GFP-positive cells from transplanted cells showed only Six2-positive NPCs when transplanted into a kidney of an NPC replacement model, despite transplant cells containing SPCs (Figure 7C, right panel, yellow triangle; Supplemental Figures 2 and 4). Six2-negative cells were attached to the circumference of Six2-positive cells but did not express GFP. In addition, we even found the GFP-expressing glomeruli and renal tubules inside the kidney of the kidney-deficient mouse (Figure 7, E–H). The tubule structures expressed Cadherin 1 (distal marker) and megalin/AQP1 (proximal marker) (Figure 7, E and F). Glomerulus structures displayed podocin-immunopositive capillary loops with CD31- and AQP1-positive vascular endothelial cells inside the basement membrane (Figure 7, G and H). AQP1 is expressed in the glomerular capillary system at the developmental stage.²⁶ The glomerular capillary inside the regenerated glomeruli revealed a host-derived tissue because it was GFP negative (Figure 7, G and H).

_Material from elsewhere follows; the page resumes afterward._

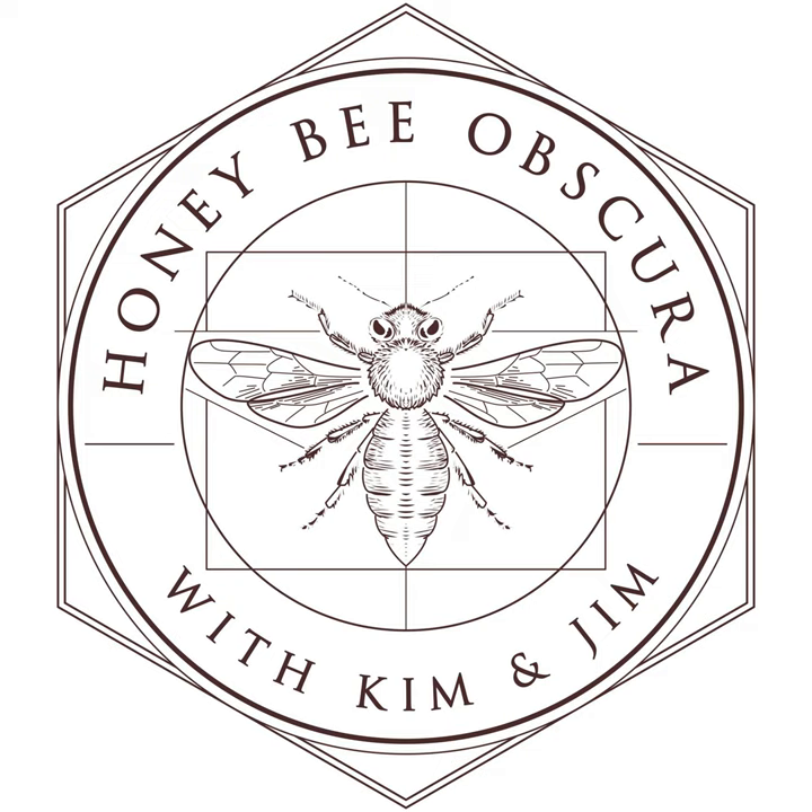Better Bee is pleased to sponsor today's episode of Honeybee Obscura Podcast. For over 40 years, Better Bee has supplied beekeepers across the country with the tools, equipment, and knowledge needed to succeed. Because many Better Bee employees are beekeepers themselves, they understand your needs and challenges and are better prepared to answer your beekeeping questions. From their colorful catalog to their support of beekeeper educational activities, including this podcast, Better Bee truly lives up to their tagline of beekeepers serving beekeepers. See for yourself at betterbee.com.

Donor RPC Implantation and Differentiation Rates

When RPCs were transplanted into wild-type mice, living fetuses were obtained from 74% of animals (Figure 1I, Table 1). Moreover, GFP-positive cells were present inside the living fetuses in approximately 80% of the individuals, as confirmed by fluorescence stereomicroscopy (Table 1). When GFP-positive cells were analyzed by quantitative PCR and immunofluorescence using frozen sections, all specimens showed differentiated nephrons (Table 2). At transplant sites, the proportion of transplanted cells inside the kidney was 18%. In 82% of the cases, the transplanted cells existed outside the kidney in the retroperitoneum (Table 1). Survival rate was 80% in the Six2Cre/iDTR mice (the NPC replacement model), with a GFP-positive cell retention rate of 88%. The rate of integration between the host kidney and the transplanted cells was 29% (Table 1).

Table 2.

Efficiency of the differentiation of transplanted cells into glomeruli

Experiments	Wild-Type Mouse Differentiated Nephron
IF	11 of 11 (100%)a
qPCR	8 of 8 (100%)b

IF, imunnofluorescence; qPCR, quantitative PCR.

^aImunnofluorescence staining confirmed Nephrin-positive glomerular structure.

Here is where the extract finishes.